Purpose and Internal Functionality of FPGA Look-Up Tables

This article explains the Look-Up Tables (LUTs) constituting Field Programmable Gate Arrays (FPGAs).

Technical Article November 09, 2017 by Sneha H.L.

This article explains the Look-Up Tables (LUTs) constituting Field Programmable Gate Arrays (FPGAs).

FPGAs and Their Internal Architecture

Field Programmable Gate Arrays (FPGAs) offer a reconfigurable design platform which makes them popular among digital designers. Typical internal structure of FPGA (Figure 1) comprises of three major elements:

Configurable Logic Blocks (CLBs), shown as blue boxes in Figure 1, are the resources of FPGA meant to implement logic functions. Each CLB is comprised of a set of slices which are further decomposable into a definite number of look-up tables (LUTs), flip-flops (FFs) and multiplexers (Muxes).
Input/Output Blocks (IOBs) available at FPGA’s periphery facilitate external connections. These programmable blocks carry signals ‘to’ or ‘from’ FPGA chip.

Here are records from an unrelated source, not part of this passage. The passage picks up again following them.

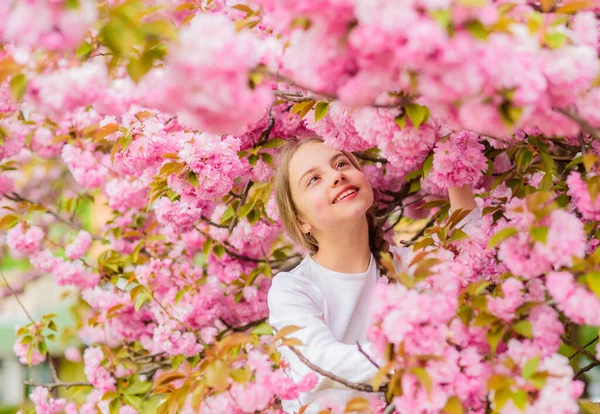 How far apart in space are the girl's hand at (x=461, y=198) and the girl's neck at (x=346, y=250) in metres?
0.33

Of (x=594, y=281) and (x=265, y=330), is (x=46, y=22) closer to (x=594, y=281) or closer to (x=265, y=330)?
(x=594, y=281)

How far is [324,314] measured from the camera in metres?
2.32

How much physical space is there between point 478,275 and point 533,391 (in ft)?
1.66

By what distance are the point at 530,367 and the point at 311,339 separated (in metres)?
0.71

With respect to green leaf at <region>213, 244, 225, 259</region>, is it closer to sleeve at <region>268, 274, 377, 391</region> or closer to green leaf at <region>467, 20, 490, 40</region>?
sleeve at <region>268, 274, 377, 391</region>

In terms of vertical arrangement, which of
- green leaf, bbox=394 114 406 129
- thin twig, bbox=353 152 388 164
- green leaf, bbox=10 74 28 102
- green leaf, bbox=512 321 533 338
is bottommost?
thin twig, bbox=353 152 388 164

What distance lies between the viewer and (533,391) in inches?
57.7

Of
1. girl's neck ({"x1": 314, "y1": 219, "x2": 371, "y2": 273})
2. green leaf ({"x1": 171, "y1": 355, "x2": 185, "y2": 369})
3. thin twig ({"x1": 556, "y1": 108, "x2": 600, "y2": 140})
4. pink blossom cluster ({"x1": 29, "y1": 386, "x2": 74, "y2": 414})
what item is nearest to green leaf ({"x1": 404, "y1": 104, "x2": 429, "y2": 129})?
thin twig ({"x1": 556, "y1": 108, "x2": 600, "y2": 140})

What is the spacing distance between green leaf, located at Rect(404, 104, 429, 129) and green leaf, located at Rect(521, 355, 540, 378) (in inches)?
22.1

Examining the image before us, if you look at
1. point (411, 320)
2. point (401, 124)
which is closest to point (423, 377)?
point (411, 320)

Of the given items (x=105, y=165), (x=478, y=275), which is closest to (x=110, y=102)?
(x=478, y=275)

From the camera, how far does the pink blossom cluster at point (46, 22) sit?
3.55 feet

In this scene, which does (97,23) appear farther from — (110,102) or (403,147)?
(403,147)

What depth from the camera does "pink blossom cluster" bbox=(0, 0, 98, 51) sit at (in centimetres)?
108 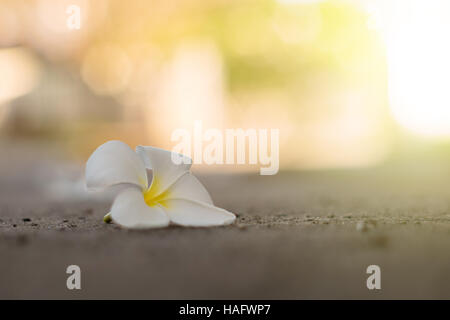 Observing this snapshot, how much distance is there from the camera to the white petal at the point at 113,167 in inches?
44.3

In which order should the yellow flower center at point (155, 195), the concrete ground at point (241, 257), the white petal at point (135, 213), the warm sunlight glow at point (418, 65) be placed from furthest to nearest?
the warm sunlight glow at point (418, 65) → the yellow flower center at point (155, 195) → the white petal at point (135, 213) → the concrete ground at point (241, 257)

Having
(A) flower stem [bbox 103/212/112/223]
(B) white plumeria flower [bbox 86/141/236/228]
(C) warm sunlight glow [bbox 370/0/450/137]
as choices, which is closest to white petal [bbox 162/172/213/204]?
(B) white plumeria flower [bbox 86/141/236/228]

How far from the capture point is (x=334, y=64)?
338 inches

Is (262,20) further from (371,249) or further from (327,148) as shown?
(371,249)

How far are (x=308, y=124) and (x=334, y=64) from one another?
1536mm

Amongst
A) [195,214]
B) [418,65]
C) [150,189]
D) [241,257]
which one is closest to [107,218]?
[150,189]

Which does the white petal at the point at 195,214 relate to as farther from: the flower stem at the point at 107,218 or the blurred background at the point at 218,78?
the blurred background at the point at 218,78

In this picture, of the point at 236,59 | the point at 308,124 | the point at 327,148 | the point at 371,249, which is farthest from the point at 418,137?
the point at 371,249

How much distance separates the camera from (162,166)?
1.29 m

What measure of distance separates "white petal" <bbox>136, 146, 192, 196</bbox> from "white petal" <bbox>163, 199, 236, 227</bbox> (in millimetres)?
49

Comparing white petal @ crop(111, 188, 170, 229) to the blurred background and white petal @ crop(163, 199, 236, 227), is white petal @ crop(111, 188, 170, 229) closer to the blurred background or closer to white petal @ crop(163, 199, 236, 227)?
white petal @ crop(163, 199, 236, 227)

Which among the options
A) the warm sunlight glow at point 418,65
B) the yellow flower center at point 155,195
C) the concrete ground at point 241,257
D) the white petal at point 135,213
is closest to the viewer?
the concrete ground at point 241,257

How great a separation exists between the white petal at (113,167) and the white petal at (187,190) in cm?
8

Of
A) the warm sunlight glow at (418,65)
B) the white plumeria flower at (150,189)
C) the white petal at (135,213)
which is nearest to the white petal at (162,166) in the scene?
the white plumeria flower at (150,189) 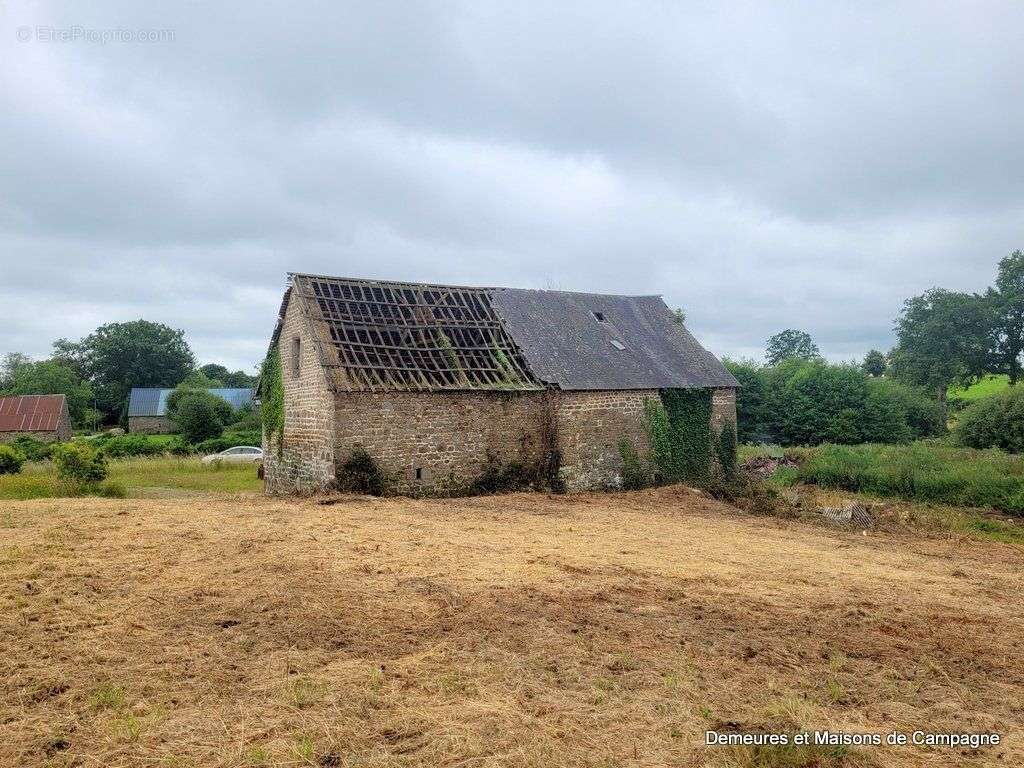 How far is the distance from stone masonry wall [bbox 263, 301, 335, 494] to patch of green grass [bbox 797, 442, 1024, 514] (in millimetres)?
17732

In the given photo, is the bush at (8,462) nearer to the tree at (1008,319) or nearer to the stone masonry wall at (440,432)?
the stone masonry wall at (440,432)

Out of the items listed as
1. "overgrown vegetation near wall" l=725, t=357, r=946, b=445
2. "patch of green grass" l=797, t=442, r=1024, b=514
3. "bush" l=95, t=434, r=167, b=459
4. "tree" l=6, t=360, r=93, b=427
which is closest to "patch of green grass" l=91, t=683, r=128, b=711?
"patch of green grass" l=797, t=442, r=1024, b=514

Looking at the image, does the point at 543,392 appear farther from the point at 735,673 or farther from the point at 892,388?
the point at 892,388

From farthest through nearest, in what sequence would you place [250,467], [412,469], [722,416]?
[250,467] → [722,416] → [412,469]

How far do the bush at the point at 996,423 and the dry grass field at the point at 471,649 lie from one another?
748 inches

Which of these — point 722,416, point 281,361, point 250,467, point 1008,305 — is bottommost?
point 250,467

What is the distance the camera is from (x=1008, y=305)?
49.9m

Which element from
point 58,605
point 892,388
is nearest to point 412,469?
point 58,605

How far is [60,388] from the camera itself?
228 feet

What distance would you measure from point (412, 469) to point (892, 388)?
108 ft

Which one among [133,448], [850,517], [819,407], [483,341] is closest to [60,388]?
[133,448]

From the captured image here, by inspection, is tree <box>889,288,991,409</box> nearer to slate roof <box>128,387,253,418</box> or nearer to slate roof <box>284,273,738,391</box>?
slate roof <box>284,273,738,391</box>

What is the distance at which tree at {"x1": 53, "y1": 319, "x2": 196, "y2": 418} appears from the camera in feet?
250

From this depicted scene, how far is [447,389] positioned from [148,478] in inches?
579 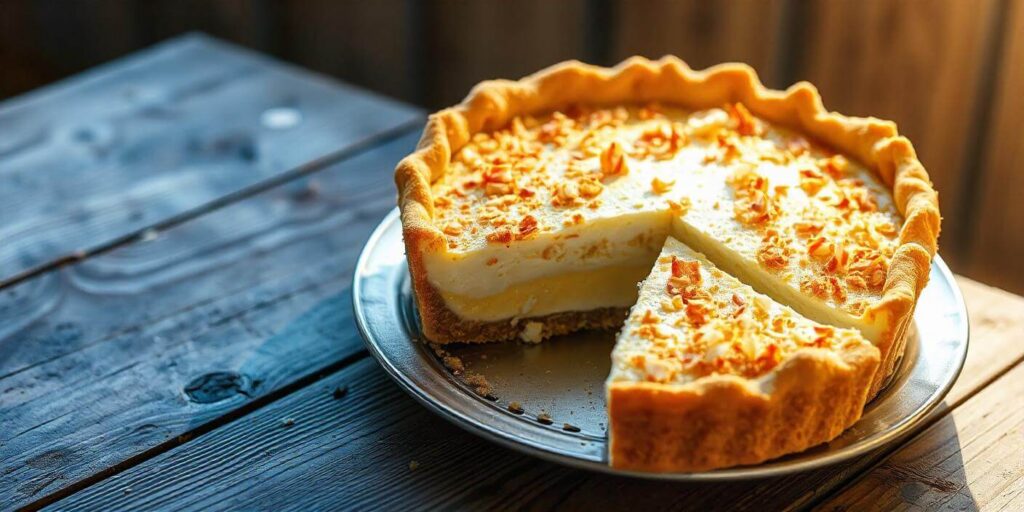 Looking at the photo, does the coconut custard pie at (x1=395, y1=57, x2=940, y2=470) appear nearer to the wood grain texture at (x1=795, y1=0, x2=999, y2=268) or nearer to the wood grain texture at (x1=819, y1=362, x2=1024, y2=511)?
the wood grain texture at (x1=819, y1=362, x2=1024, y2=511)

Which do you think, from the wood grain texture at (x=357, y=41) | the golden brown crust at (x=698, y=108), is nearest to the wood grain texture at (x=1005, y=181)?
the golden brown crust at (x=698, y=108)

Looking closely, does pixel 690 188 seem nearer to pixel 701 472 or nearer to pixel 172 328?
pixel 701 472

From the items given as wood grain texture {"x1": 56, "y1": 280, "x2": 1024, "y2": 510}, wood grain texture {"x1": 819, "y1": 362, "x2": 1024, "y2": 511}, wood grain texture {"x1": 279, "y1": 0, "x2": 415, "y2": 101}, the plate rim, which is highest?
the plate rim

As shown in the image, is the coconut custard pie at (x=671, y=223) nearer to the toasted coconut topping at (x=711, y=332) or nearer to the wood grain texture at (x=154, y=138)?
the toasted coconut topping at (x=711, y=332)

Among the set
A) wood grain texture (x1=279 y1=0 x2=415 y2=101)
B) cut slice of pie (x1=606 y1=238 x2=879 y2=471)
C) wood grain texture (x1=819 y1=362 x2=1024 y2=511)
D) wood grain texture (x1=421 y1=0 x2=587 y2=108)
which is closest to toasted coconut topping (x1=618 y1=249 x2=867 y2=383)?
cut slice of pie (x1=606 y1=238 x2=879 y2=471)

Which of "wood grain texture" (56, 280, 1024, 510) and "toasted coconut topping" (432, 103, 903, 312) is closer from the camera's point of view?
"wood grain texture" (56, 280, 1024, 510)

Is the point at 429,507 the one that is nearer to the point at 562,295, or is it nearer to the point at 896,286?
the point at 562,295

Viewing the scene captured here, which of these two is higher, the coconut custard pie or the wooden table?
the coconut custard pie

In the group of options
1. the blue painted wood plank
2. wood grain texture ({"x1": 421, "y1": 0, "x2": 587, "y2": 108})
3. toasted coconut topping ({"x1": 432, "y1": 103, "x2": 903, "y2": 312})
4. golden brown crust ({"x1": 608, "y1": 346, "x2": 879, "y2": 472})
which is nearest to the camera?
golden brown crust ({"x1": 608, "y1": 346, "x2": 879, "y2": 472})

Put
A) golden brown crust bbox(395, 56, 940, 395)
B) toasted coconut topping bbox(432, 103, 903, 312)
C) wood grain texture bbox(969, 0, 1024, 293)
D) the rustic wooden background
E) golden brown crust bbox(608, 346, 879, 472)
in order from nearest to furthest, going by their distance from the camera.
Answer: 1. golden brown crust bbox(608, 346, 879, 472)
2. golden brown crust bbox(395, 56, 940, 395)
3. toasted coconut topping bbox(432, 103, 903, 312)
4. wood grain texture bbox(969, 0, 1024, 293)
5. the rustic wooden background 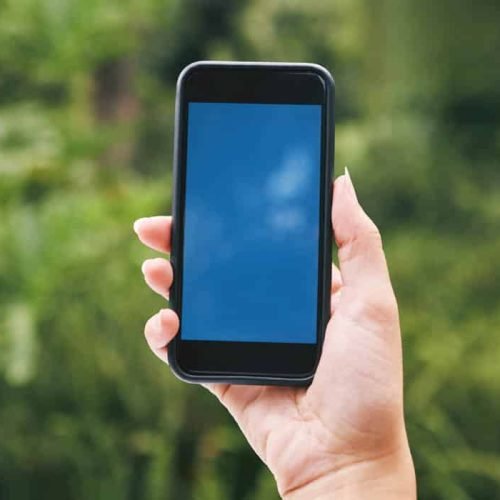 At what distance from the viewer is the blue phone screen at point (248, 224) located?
0.58 metres

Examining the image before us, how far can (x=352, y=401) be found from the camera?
0.53 meters

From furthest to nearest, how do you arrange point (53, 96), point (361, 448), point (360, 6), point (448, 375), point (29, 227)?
point (360, 6), point (53, 96), point (448, 375), point (29, 227), point (361, 448)

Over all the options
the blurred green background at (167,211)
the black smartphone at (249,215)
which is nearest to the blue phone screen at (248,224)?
the black smartphone at (249,215)

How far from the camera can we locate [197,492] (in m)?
1.31

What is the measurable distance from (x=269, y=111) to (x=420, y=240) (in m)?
1.05

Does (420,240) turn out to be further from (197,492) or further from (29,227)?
(29,227)

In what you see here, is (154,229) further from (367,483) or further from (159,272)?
(367,483)

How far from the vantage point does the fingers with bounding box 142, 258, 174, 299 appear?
0.57 metres

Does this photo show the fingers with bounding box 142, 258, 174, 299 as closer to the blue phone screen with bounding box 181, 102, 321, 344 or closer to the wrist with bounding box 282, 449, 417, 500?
the blue phone screen with bounding box 181, 102, 321, 344

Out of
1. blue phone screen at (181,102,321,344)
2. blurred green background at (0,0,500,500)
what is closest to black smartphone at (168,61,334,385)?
blue phone screen at (181,102,321,344)

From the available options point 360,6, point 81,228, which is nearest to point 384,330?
point 81,228

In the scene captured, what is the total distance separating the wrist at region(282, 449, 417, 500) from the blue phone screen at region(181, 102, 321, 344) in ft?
0.32

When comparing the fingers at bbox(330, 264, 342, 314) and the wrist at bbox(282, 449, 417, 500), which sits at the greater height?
the fingers at bbox(330, 264, 342, 314)

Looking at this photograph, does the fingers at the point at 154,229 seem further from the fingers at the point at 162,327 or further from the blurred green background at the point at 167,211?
the blurred green background at the point at 167,211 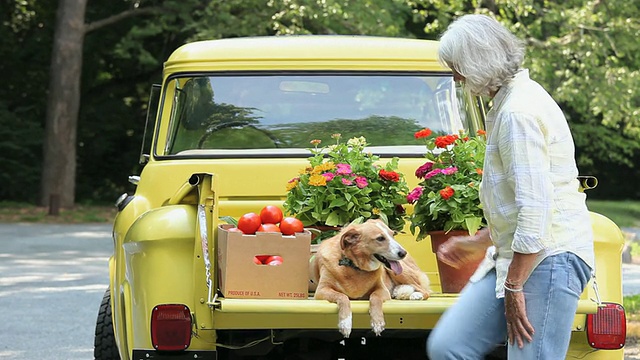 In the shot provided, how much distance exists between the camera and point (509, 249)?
12.2ft

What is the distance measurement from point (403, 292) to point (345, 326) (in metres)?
0.41

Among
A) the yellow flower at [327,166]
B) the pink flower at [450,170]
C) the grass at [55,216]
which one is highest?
the pink flower at [450,170]

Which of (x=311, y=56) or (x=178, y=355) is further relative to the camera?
(x=311, y=56)

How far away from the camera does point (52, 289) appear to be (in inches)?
498

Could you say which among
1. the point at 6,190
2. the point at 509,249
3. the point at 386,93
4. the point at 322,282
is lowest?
the point at 6,190

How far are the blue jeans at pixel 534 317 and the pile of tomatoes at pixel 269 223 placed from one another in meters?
1.19

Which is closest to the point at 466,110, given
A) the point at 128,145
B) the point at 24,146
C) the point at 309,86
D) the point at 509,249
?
the point at 309,86

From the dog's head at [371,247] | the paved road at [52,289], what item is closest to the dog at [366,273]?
the dog's head at [371,247]

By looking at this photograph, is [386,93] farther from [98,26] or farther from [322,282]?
[98,26]

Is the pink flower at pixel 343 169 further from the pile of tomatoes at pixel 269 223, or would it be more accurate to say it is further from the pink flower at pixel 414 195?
the pile of tomatoes at pixel 269 223

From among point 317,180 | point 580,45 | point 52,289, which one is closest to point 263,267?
point 317,180

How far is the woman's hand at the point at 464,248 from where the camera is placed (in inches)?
170

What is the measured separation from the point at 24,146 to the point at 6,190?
1362 millimetres

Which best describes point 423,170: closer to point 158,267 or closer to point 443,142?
point 443,142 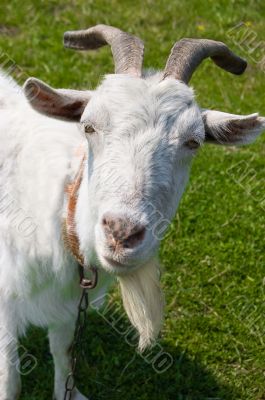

Figure 1 shows IOBs as a set of rectangular boxes enclosed within the FPGA boundary (violet colored outer box).
Switch Matrix (shown as red-colored lines in Figure 1) is an interconnecting wire-like arrangement within FPGA. These offer connectivity for the CLBs or provide dedicated low impedance, minimum delay paths (for example, global clock line).

Figure 1: Internal architecture of a typical FPGA.

Overview of Look Up Tables (LUT)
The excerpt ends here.